> Work request:
The whole listing, except its pictures, is to be repeated exactly.
#### Provided data
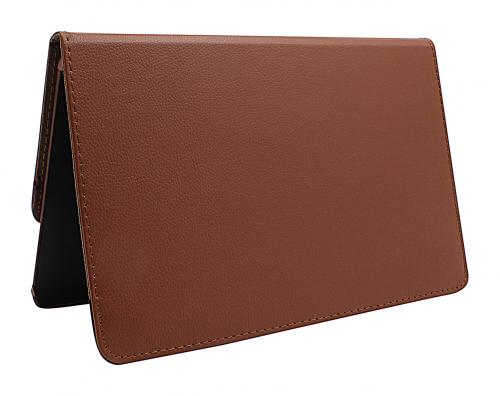 360 Cover Lenovo Tab M10 Plus (3rd gen)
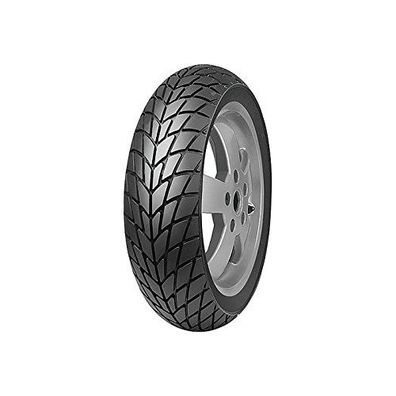 Decke 120/90-10 Tl 57l M+s Mc 20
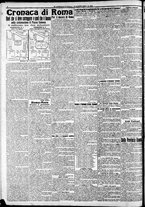 giornale/CFI0375227/1909/Agosto/57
########
> Solution:
 360 Cover Lenovo Tab M10 Plus (3rd gen)
 Decke 120/90-10 Tl 57l M+s Mc 20
 giornale/CFI0375227/1909/Agosto/57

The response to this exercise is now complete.